The carriers say by “sunsetting” 3G they will be able to provide faster, better service (and with phones that have longer battery life).
Levison says she takes issue with the way she was informed of the change. It would have been nice to have received a heads-up in a letter in the mail, an e-mail, or a text message, said Levison, 60, a consultant on international public health who lives in Harvard.
Instead, AT&T abruptly cut off incoming and outgoing calls on her phone, and routed her to a queue of callers waiting for customer service, causing her to miss her important call.
“What if I needed to make an emergency call?” said Levison, thinking about how suddenly her calls were blocked.
An AT&T spokeswoman said it has been e-mailing and texting affected customers for about a year.
Here’s what you should know about the “sunsetting” of 3G:
Q. Could I lose my ability to dial 911?
A. Yes.
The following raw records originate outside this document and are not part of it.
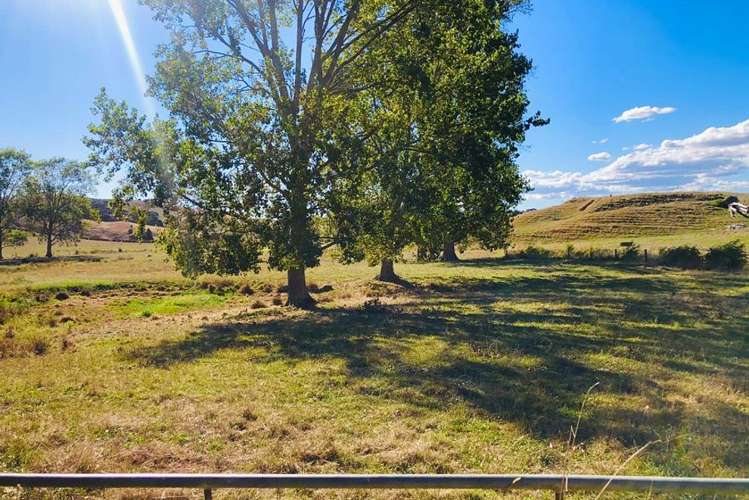 Lot 1 Waerenga Road Te Kauwhata_4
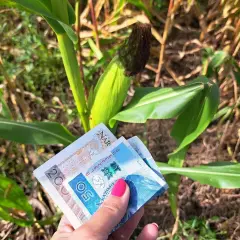 Ręka trzyma banknoty 20 i 50 zł na tle łanu kukurydzy. Czy staż jest płatny? Tak, jeśli jest w polu kukurydzy!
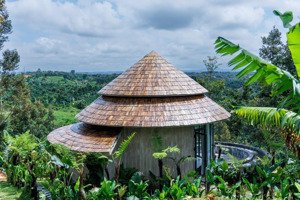 nhà homestay (săn mây) sổ đỏ sang tên liền. lâm đồng cách tp bảo lộc 6p đi xe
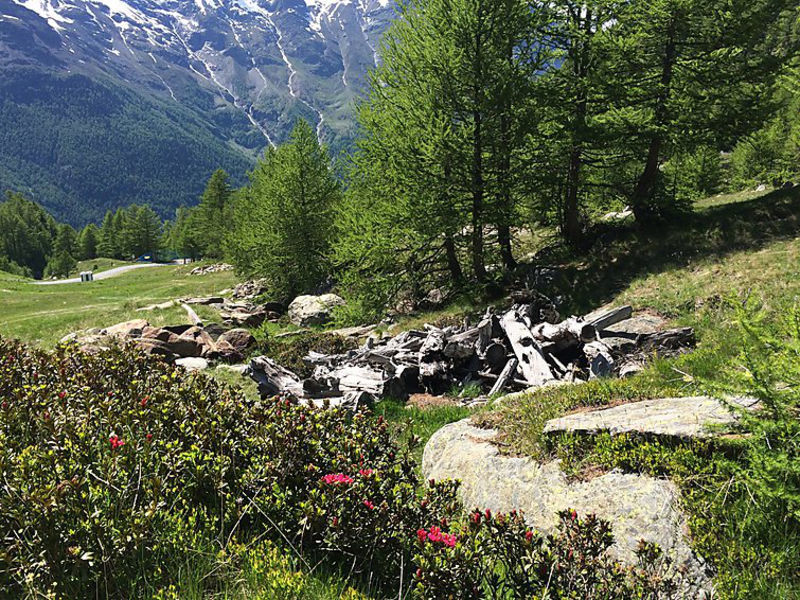 Chalet Sunstar, Grosse Wohnung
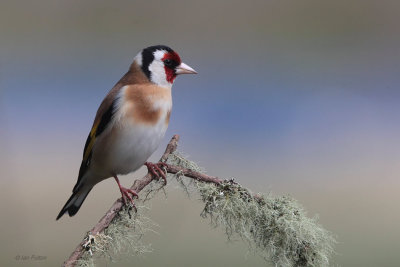 Goldfinch, RSPB Lochwinnoch, Clyde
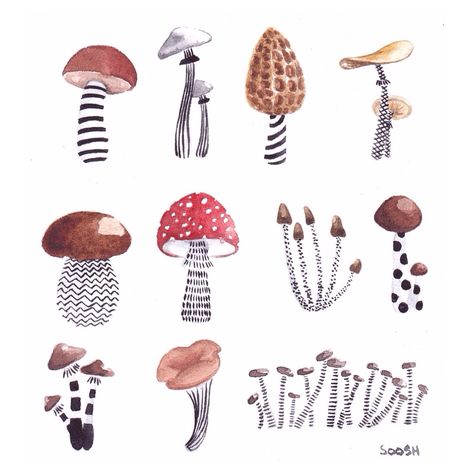 • mushrooms • Mushroom Drawing, Watercolour Inspiration, Mushroom Art, Watercolor Inspiration, Illustration Inspiration, Botanical Illustration, 그림 그리기, Watercolor Illustration, Painting Inspiration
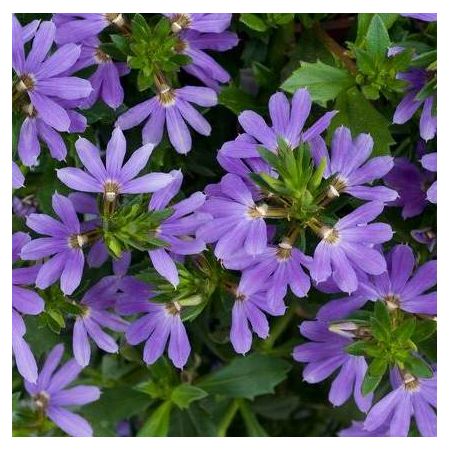 Scaevola Blue Laguna - Waaierpalm Paars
When the change comes, many older cell phones will be unable to make or receive calls and texts, including calls to 911, or use data services, according to the Federal Communications Commission. Many of the phones about to lose service belong to older people who don’t use them for browsing the Internet or watching video. Especially vulnerable may be those people who keep a phone (turned off to save battery) stashed somewhere at home or in their car’s glove compartment in case of emergency.
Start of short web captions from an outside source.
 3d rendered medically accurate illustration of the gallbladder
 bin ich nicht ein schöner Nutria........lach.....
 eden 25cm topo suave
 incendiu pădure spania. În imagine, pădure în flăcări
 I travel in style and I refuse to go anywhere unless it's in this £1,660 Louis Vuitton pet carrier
Q. How do I know if my phone model needs to be upgraded?
A. The surest way to find out is to contact your carrier by calling customer service, dropping into one of their stores, or checking their websites. (Here’s a list of affected models from AT&T, for example.) As a general rule, if your phone dates back to 2012 or earlier, your network is about to be eliminated. If you have an iPhone 6 or later model, you probably won’t be affected. The same is true if you have a Samsung Galaxy S4 Mini or later model, or a Pixel 2 or later Google model.
But there are hundreds of phone models in use. Contact your carrier to be sure yours is still good.
Q. Is there an easy way to know for sure what network I am on?
A. Yes, check the upper right corner of your phone. The network you are on should be displayed there. Of course, it won’t display if you are using wi-fi at home, work, or other location. Once I disconnected from wi-fi, my iPhone, which is less than a year old, displayed “5G.” I won’t be affected by the 3G shutdown.
Q. Are there other safety implications to the impending 3G shutdown?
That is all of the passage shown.